High-speed Large Language Model Serving on PCs with Consumer-grade GPUs
MIT License
7.9k stars 406 forks source link

Any plans to support llamafied Qwen1.5?有支持llama化qwen的计划吗? #181

Closed Ce-daros closed 5 months ago

Ce-daros commented 5 months ago

Prerequisites

Before submitting your issue, please ensure the following:

[https://huggingface.co/mightbe/Qwen1.5-32B-llamafied/tree/main]

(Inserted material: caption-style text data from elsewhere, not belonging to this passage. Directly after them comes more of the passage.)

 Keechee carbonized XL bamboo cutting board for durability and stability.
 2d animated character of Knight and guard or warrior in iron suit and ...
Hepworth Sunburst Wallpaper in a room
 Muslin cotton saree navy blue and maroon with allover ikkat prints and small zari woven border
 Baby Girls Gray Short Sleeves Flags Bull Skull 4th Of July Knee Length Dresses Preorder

hodlen commented 5 months ago

Currently, we do not have plans to expand our ReLU-activated model line-up beyond ReluLLaMA, ReluFalcon, ProSparse, and Bamboo, as model tuning requires significant effort.

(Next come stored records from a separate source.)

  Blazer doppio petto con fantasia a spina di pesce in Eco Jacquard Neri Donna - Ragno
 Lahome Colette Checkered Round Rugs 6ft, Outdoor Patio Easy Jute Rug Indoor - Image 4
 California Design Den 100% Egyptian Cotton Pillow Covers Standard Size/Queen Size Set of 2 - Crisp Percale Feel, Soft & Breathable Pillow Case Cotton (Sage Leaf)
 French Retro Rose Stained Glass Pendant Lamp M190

That said, while we will not support sparse activation for Qwen1.5, we are developing “hot expert offloading” for the Qwen MoE model based on Qwen1.5, without any further fine-tuning. We plan to roll out this feature and support PowerInfer in MoE scenarios, and you might find the enhanced speed from smarter GPU offloading on this model interesting.


目前,由于训练模型使其转为ReLU激活函数需要投入大量的精力,我们没有计划将我们的稀疏激活模型支持扩展到ReluLLaMA、ReluFalcon、ProSparse和Bamboo之外。

虽然我们不会为Qwen1.5支持稀疏激活,但我们正在为基于Qwen1.5的Qwen MoE模型开发“hot expert offloading”,无需对模型进行进一步训练。我们计划通过专家级别offloading的支持,让PowerInfer能够应用于MoE模型的场景,你可能会对这种情况下的性能提升感兴趣。

Ce-daros commented 5 months ago

Thanks!


感谢回复!